Just and Carpenter’s eye-mind hypothesis (1980) states that there is little delay between eye movements and the cognitive processing of corresponding information. Eye-tracking technology has supported research in cognitive psychology by providing valuable insights into attention-related cognitive processes during task performance (Sáiz-Manzanares et al., 2021). Scene perception results from the continuous alternation between fixations, where the eyes remain focused on a specific point, and saccades, which are rapid movements between fixation points (Liao et al., 2017). These eye movement metrics, such as fixation duration, saccade speed and amplitude, can vary with individual characteristics and reflect differences in tactical learning contexts. Ben Mahfoudh and Zoudji (2022) showed that VSA significantly influence the visual processing of tactical soccer scenes. Eye-tracking data revealed that high-VSA players displayed longer fixations and saccades that were slower in velocity and shorter in amplitude, reflecting focal processing and sustained focused attention. In contrast, low-VSA players showed shorter fixations and faster, longer saccades, suggesting ambient processing that hindered conscious identification of key elements. In eye-tracking research on instructor-generated drawings, Stull et al. (2018) examined students’ attention in relation to instructor visibility, but overlooked the cognitive impact of the drawing itself. To our knowledge, no study has investigated learners’ visual processing of instructor-generated drawings while considering individual differences in VSA.

Rational of the Study

The aim of the present study was to explore the impact of the coach’s drawing and the role of VSA on novice participants’ memorization and visual processing of a tactical soccer scene.

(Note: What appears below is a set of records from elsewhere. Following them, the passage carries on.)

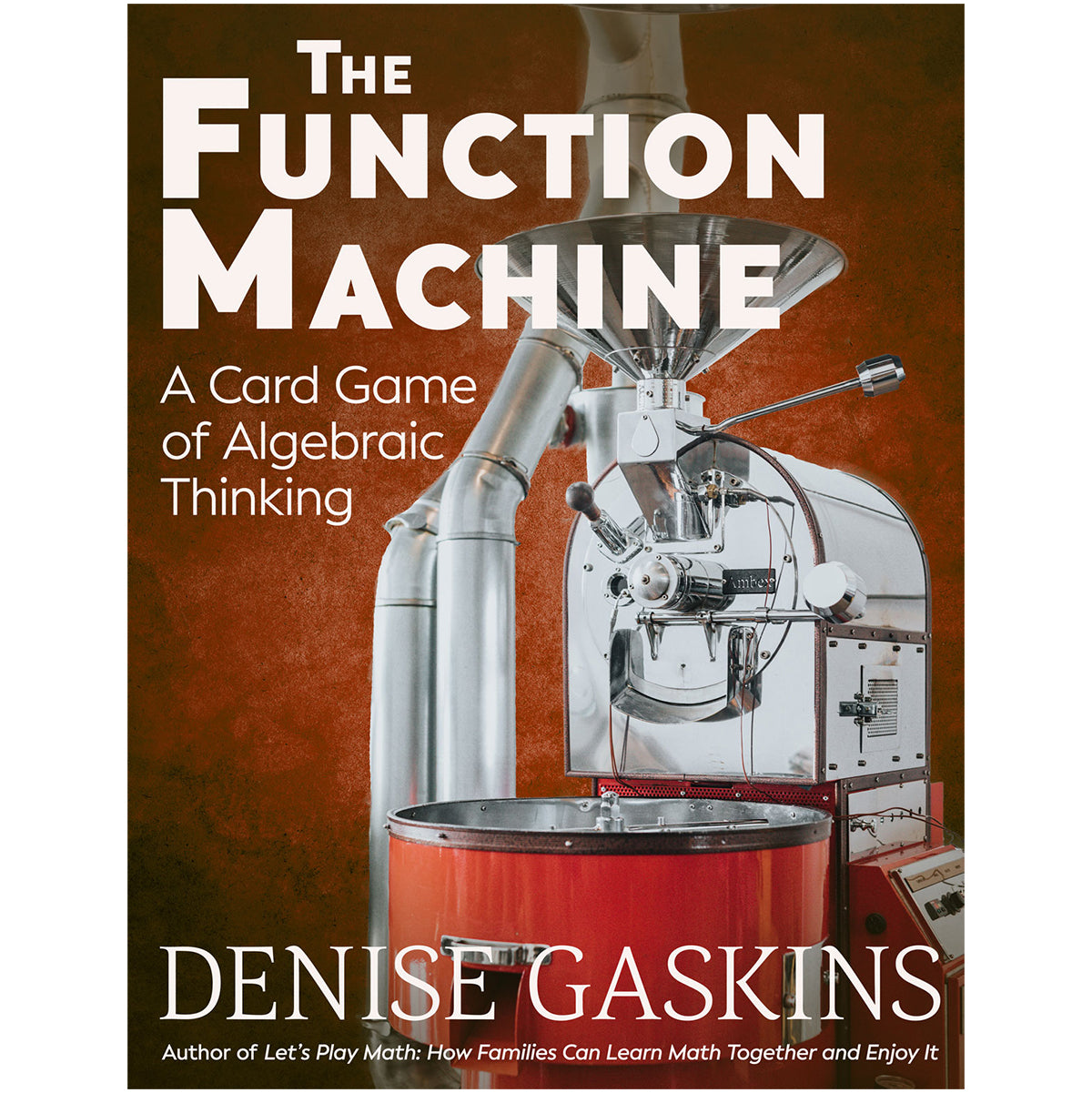 Function Machine card game printable math activity book by Denise Gaskins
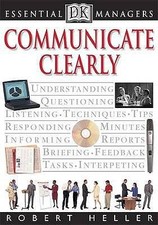 Communicating Clearly by Robert Heller
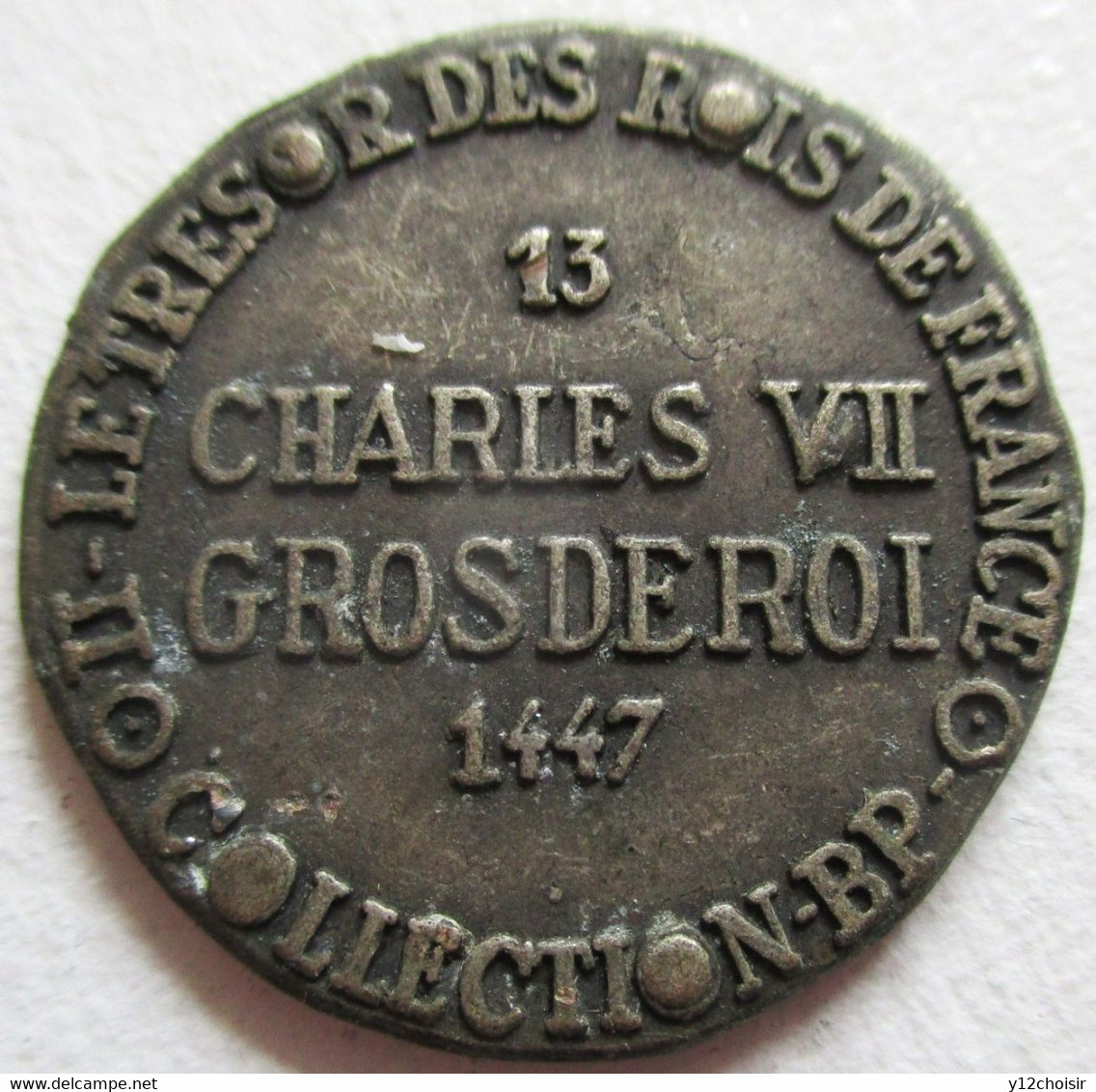 PIECE METAL CHARLES VII GROSDEROI 1447 FLEUR DE LYS LE TRESOR DES ROIS DE FRANCE COLLECTION BP - Fictifs & Spécimens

Due to the lack of research on drawing in tactical learning, this study relied on findings from STEM disciplines (Fiorella et al., 2020; Fiorella & Mayer, 2016). According to the dynamic-drawing principle (Mayer et al., 2020), we expected that dynamic-drawing of a diagram would enhance learning and promote more efficient visual processing (Hypothesis 1). Concerning the impact of VSA, we expected high-VSA participants to better memorize the tactical scene than low-VSA participants (Ben Mahfoudh & Zoudji, 2020, 2022, 2024), and to exhibit more focused visual attention, reflected by focal processing (Ben Mahfoudh et al., 2021; Mahfoudh & Zoudji, 2022) (Hypothesis 2). In addition, this study explores the interaction between coach-generated tactical drawing and VSA. Building on Fiorella and Mayer’s (2016) suggestion that dynamic-drawing may produce effects similar to dynamic visualizations, and on prior findings about the role of VSA in processing such material (Ben Mahfoudh & Zoudji, 2020; Mahfoudh & Zoudji, 2022), we expect high-VSA participants to benefit more from dynamic-drawing. This expectation is based on their enhanced ability to extract, process, and integrate visual informations (Hypothesis 3).

Participants

To estimate the required sample size, a priori power analysis was conducted using G*Power software (Version 3.1.9.7) (Faul et al., 2020). A large effect size (f ² = 0.35), with statistical power set at 0.80 and an α level of 0.05, indicated that a sample size of 25 participants was sufficient to guarantee robust statistical analyses. To account for potential dropout or technical issues during data collection, a sample of 54 male university students (M age = 21.5, SD = 3.3, range = 17 to 35) participated in this study. Only male participants were recruited, ensuring that the results could not be attributed to gender-related differences. Although the participants were familiar with soccer rules through occasional matches in physical education classes or informal games with friends, they had never played soccer or any other team sport at a club, ensuring the absence of cross-sport transfer effects (Smeeton et al., 2004). The subjects stated that this was their first participation in this type of laboratory experiment, thus eliminating any prior familiarity. They reported no vision impairments, otherwise, any detected issues were corrected with contact lenses. Finally, all participants volunteered and provided informed consent, confirming the full respect for their rights. The study was approved by the university’s ethics committee and conducted in accordance with the Declaration of Helsinki.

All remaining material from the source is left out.